For example, these are all satisfied if $R$ is of finite type over a field or over $\mathbb Z$. It might be possible to weaken some of these hypotheses.

Lemma. Let $f\colon R \to S$ be an integral ring map, let $\mathfrak q \subseteq S$ be a prime, and let $\mathfrak p = f^{-1}(\mathfrak q)$. Then $$\dim R/\mathfrak p = \dim S/\mathfrak q.$$

Proof. This is poset-theoretic, using only the going up theorem for integral maps [AM, Thm. 5.11]. Indeed, the going up theorem implies that a chain $\mathfrak p = \mathfrak p_0 \subsetneq \mathfrak p_1 \subsetneq \ldots$ of primes of $R$ containing $\mathfrak p$ can be lifted to some chain $\mathfrak q = \mathfrak q_0 \subsetneq \mathfrak q_1 \subsetneq \ldots$ of $S$, whence $\dim S/\mathfrak q \geq \dim R/\mathfrak p$.

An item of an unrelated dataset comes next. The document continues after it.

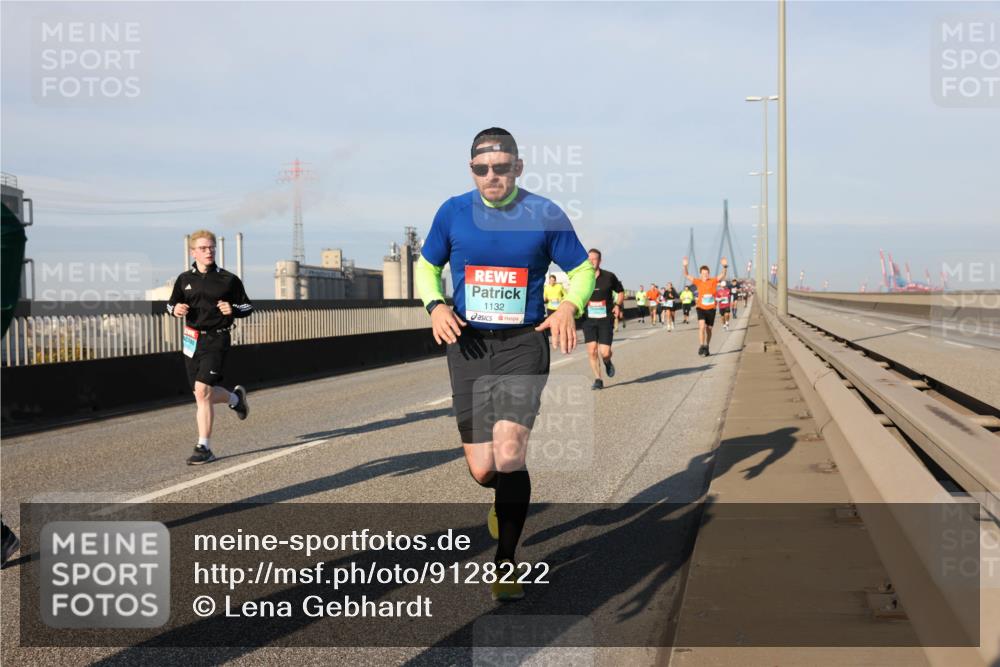 03.10.2025 - Köhlbrandbrückenlauf Lena Gebhardt http://msf.ph/oto/9128222 03.10.2025 09:48:07 Position 2 1132 meine-sportfotos.de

Conversely, if $\mathfrak q_1 \subseteq \mathfrak q_2$ are primes of $S$ with $f^{-1}(\mathfrak q_1) = f^{-1}(\mathfrak q_2) = \mathfrak p$, then we must have $\mathfrak q_1 = \mathfrak q_2$. Indeed, they correspond to primes in the integral ring map $\kappa(\mathfrak p) \to S \otimes_R \kappa(\mathfrak p)$, and there are no inclusions between prime ideals of $S \otimes_R \kappa(\mathfrak p)$ [Tag 00GS(3)]. Hence, the inverse image of a chain $\mathfrak q = \mathfrak q_0 \subsetneq \mathfrak q_1 \subsetneq \ldots$ of primes of $S$ containing $\mathfrak q$ is a strict chain $\mathfrak p = \mathfrak p_0 \subsetneq \mathfrak p_1 \subsetneq \ldots$ of primes of $R$ containing $\mathfrak p$, whence $\dim R/\mathfrak p \geq \dim S/\mathfrak q$. $\square$

Remark. In the proof below, we want to relate the heights of $\mathfrak q$ and $\mathfrak p$ as in the lemma. We can do this under assumption (3), for this forces $\operatorname{ht}(\mathfrak p) = \dim R - \dim R/\mathfrak p$ (and similarly for $\mathfrak q$).

Proposition. Let $R$ be a domain satisfying properties (1)-(3) above. If $p \in R$ is a prime element, then $p$ is a prime element in $\tilde R$.

Proof. By assumption, $\mathfrak p = (p)$ is a prime ideal. By Krull's Hauptidealsatz [AM, Cor. 11.17], this implies that $\mathfrak p$ has height $1$, i.e. $R_\mathfrak p$ is a $1$-dimensional domain. Since its maximal ideal $\mathfrak pR_\mathfrak p$ is principal, we conclude that $R_\mathfrak p$ is a DVR [AM, Prop. 9.2] with uniformiser $p$; in particular $R_\mathfrak p$ is normal.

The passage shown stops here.